In the years we’ve known each other, Chris and I have bonded over our obsessiveness about the placement of a line of dialogue, or whether a scene we both love is really necessary, whether a subplot wraps up too early or too late. He’s the only person I know who writes as much as I do, and who cares as much as I do about getting better as a writer. Its no coincidence he’s the only other person left of our initial group.
As the last two survivors of our “crew,” Chris and I have moved increasingly into each other’s orbits. I’ve learned a lot about how to make my writing funnier and clearer by writing with Chris in mind as an audience, and I’ve seen Chris’s writing become more high-concept and ambitious.
We’ve become each others fans and hype-men and, recently, we’ve become writing partners. After four years, we’ve finally gained enough familiarity with each other to lean on each other, and to make work that is more interesting by being filtered through each other’s viewpoints.
Right now we’re working together on a script about alien so we can send it to a science-fiction screenplay contest with an upcoming deadline.
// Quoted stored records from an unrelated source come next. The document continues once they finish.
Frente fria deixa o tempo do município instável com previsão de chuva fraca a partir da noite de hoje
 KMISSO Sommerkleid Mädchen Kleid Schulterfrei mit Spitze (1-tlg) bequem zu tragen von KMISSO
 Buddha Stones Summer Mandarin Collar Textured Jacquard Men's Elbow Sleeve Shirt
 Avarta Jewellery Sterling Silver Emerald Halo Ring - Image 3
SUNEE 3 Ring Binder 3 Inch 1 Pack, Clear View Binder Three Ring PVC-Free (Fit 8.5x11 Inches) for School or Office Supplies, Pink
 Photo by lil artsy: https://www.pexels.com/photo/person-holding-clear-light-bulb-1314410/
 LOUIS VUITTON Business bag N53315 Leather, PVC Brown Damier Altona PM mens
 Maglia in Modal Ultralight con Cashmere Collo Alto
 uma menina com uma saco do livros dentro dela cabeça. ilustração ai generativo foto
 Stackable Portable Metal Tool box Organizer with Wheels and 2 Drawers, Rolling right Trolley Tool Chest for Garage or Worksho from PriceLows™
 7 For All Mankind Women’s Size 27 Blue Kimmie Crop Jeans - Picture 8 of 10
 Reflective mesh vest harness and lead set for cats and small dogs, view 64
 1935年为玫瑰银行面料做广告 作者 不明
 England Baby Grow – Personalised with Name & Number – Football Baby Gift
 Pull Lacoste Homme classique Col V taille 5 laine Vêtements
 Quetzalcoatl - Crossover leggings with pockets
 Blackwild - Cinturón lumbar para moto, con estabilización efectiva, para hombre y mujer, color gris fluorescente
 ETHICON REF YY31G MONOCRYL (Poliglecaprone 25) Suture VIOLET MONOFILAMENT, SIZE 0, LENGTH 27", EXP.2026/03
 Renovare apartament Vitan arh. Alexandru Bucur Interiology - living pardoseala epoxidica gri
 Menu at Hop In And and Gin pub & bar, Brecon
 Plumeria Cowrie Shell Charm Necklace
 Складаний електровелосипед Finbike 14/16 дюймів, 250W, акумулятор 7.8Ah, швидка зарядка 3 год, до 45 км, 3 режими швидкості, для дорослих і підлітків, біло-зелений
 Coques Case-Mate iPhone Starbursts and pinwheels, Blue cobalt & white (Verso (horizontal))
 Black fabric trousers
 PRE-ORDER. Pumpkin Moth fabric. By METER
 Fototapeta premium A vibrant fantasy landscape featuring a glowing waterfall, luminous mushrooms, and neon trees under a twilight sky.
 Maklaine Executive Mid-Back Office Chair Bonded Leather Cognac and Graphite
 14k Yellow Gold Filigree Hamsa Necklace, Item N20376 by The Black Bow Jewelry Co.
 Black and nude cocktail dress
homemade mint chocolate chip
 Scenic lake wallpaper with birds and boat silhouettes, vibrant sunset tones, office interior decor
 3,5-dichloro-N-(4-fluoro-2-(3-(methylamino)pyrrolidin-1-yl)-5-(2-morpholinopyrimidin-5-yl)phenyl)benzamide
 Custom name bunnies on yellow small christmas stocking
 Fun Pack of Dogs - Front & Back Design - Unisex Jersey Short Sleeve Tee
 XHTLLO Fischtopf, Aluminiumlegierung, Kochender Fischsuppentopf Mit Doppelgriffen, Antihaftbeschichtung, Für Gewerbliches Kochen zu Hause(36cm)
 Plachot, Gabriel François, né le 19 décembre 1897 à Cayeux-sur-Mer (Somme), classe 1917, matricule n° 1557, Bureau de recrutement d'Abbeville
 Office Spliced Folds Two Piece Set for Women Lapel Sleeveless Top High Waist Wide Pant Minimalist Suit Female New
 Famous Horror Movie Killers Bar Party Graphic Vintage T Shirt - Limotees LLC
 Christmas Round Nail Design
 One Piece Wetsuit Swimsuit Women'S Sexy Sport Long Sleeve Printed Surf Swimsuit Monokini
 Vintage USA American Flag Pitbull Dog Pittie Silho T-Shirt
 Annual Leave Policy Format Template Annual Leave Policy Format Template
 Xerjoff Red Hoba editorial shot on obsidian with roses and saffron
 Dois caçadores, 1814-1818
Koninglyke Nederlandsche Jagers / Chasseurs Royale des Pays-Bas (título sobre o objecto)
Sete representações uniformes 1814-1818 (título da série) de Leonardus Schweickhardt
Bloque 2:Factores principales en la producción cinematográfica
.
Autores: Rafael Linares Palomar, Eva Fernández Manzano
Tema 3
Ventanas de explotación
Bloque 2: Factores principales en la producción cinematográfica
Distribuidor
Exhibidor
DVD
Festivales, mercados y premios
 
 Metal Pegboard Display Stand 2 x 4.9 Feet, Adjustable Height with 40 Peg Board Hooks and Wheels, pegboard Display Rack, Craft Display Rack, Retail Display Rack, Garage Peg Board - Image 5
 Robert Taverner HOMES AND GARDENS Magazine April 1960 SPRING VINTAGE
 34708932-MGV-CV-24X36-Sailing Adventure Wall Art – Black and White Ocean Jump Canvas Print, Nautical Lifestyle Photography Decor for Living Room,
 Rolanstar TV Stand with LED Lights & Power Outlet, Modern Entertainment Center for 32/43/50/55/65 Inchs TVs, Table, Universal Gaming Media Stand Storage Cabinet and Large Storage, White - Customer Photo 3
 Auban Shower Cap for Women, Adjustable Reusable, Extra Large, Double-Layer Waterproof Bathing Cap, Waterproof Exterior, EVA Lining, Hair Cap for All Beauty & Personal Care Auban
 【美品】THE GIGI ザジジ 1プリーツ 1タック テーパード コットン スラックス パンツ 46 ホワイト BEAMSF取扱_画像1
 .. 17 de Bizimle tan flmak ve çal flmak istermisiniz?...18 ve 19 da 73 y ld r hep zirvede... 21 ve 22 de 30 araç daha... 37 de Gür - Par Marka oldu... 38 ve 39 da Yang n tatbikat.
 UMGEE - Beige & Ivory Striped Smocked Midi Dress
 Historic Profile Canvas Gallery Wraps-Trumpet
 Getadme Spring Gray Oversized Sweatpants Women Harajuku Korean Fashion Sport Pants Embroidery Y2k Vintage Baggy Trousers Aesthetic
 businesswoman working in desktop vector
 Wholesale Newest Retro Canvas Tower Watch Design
The parts of it I wrote are fun and scary and easily the best work I’ve ever done, and it was only possible because the characters had already been established, and their journey laid out by Chris before I ever touched it.
When we trade drafts back and forth, sometimes we rewrite scenes, and sometimes we gut them. I’ve removed or killed off some pretty funny characters, just because I thought it would improve the pacing and raise the stakes. He’s erased monologues and elaborate set-ups and pay-offs I’ve written for the same reason. Its constant compromise between our two visions of the story, and I think its only possible because we’ve been working alongside each other for a while and know each other well enough to have built up a considerable trust in each other’s judgement.
So there may be 14 billion screenwriters out there. But in my personal experience, 75% of them are going to decide to do something else eventually. Those of us left will be judged not just by our tenacity. We will be judged by how well we innovate and how well we collaborate with each other, and here I like my odds.